(Captioned web image data)
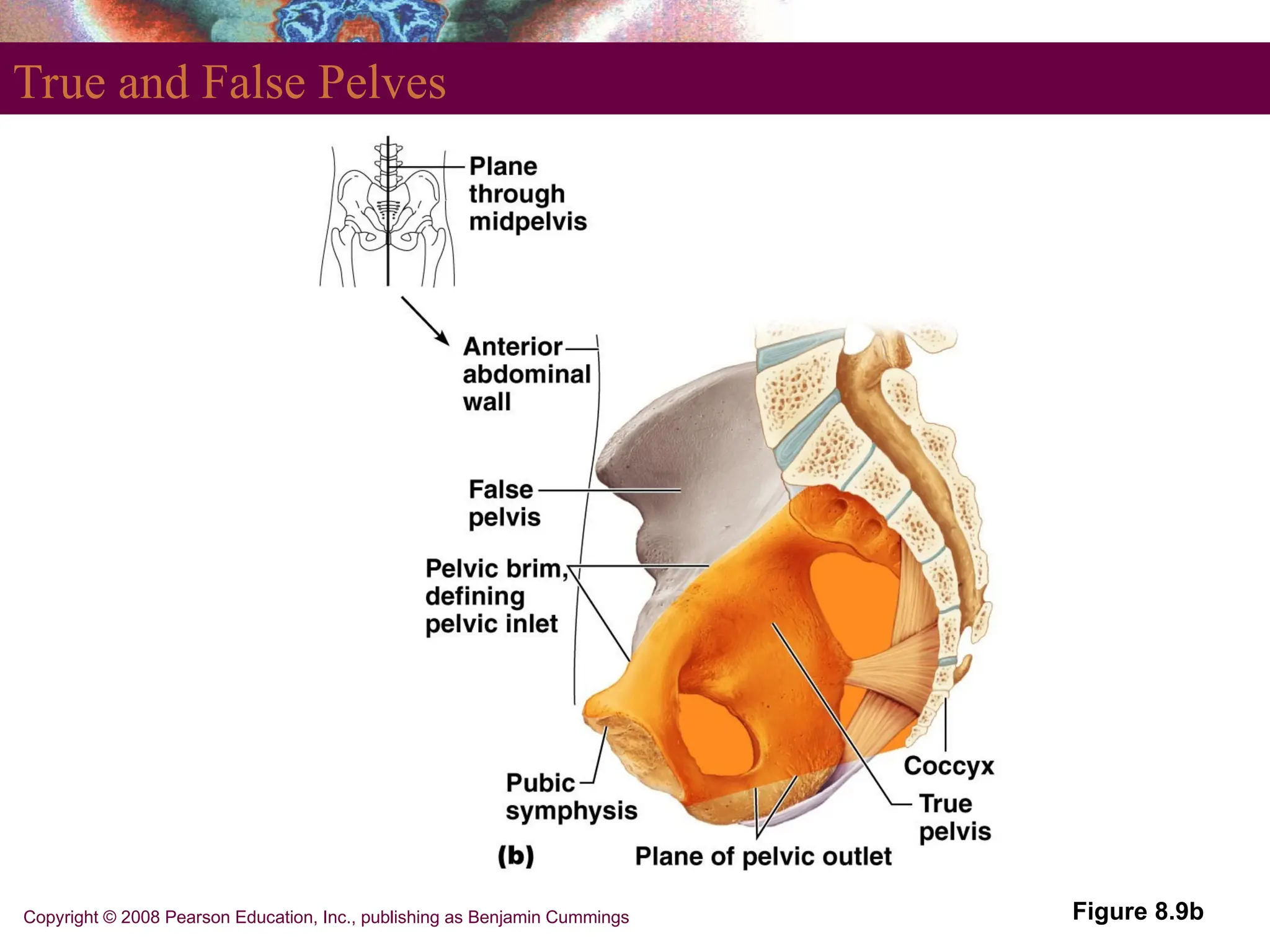 Copyright © 2008 Pearson Education, Inc., publishing as Benjamin Cummings
True and False Pelves
Figure 8.9b
 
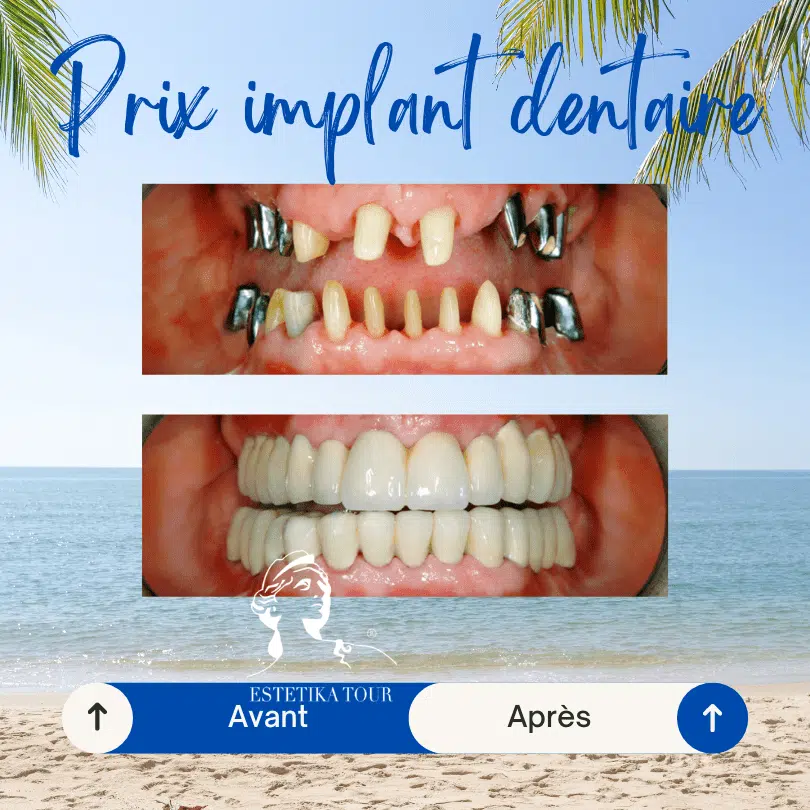 Prothèse dentaire sur implant prix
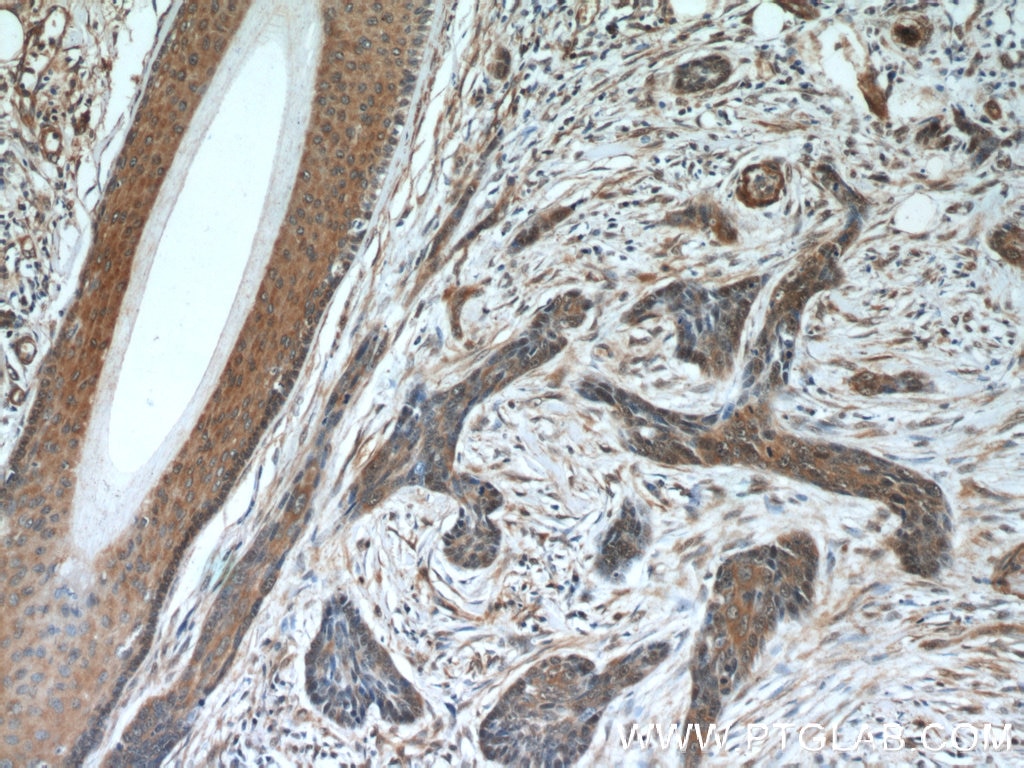Immunohistochemistry (IHC) staining of human skin cancer tissue using EXOSC2 Monoclonal antibody (66099-1-Ig)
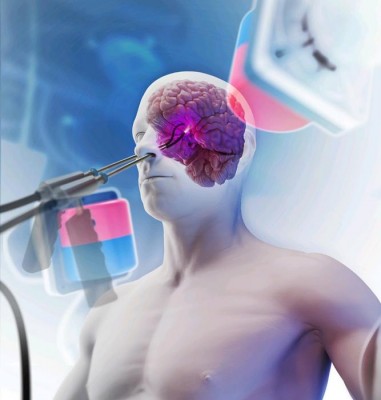 Newswise: Tiny surgical robots could transform detection and treatment of cancers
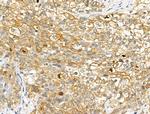 Phospho-GAB2 (Ser159) Antibody in Immunohistochemistry (Paraffin) (IHC (P))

• Required action
Write out, exactly and with nothing added, every line from the one that holds "True and False Pelves" to the end of the entries above; pictures stay out.

• The answer
True and False Pelves
Figure 8.9b
 
 Prothèse dentaire sur implant prix
Immunohistochemistry (IHC) staining of human skin cancer tissue using EXOSC2 Monoclonal antibody (66099-1-Ig)
 Newswise: Tiny surgical robots could transform detection and treatment of cancers
 Phospho-GAB2 (Ser159) Antibody in Immunohistochemistry (Paraffin) (IHC (P))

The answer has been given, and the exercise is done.